From those two populations, they identified 70,000 and 227,000 people, respectively, who were suffering from heartburn. They compared the frequency of heart attacks among those who were prescribed or using proton pump inhibitors against people who were not using the medication.

Finally, they looked at records of 1,503 people in another, continuing study who had suffered heart attacks, cardiac arrest, stroke, heart failure or a ruptured aneurysm to determine how many were using proton pump inhibitors.

They also noted a study in their paper showing that for every 4,357 people who used proton pump inhibitors for 14 days, there would be one additional heart attack when compared with those not using the drugs.

The work is not the first to use data mining to uncover medication problems that had escaped researchers who conducted traditional clinical trials. In 2004, the blockbuster pain reliever Vioxx was pulled from the market after the FDA and Kaiser Permanente analyzed 1.4 million Kaiser patient records and determined that heart attack and cardiac death rates were three times higher for people taking the medication than a rival drug.

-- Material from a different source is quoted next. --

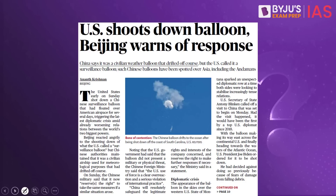Spy balloons are preferred over satellites for multiple reasons. Launching a satellite takes a huge amount of money and requires launchers, whereas balloons can be used for a specific purpose and withdrawn. Satellites require massive investment, but balloons do not. Additionally, because balloons operate at lower altitude, they can capture much higher resolution images than satellites, which is why countries prefer spy balloons.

Data mining also has been used to detect whether people who take two drugs simultaneously might suffer side effects that neither drug would cause on its own.

Leeper said the new study is not meant to be seen as “anti-drug company at all.”

“Clinical research has gotten so expensive, it’s just prohibitive, even for these (drug) companies,” he said. “It’s just impossible to pick up every side effect.”

Nevertheless, he added, “we think that this risk is real, and it ought to be investigated.”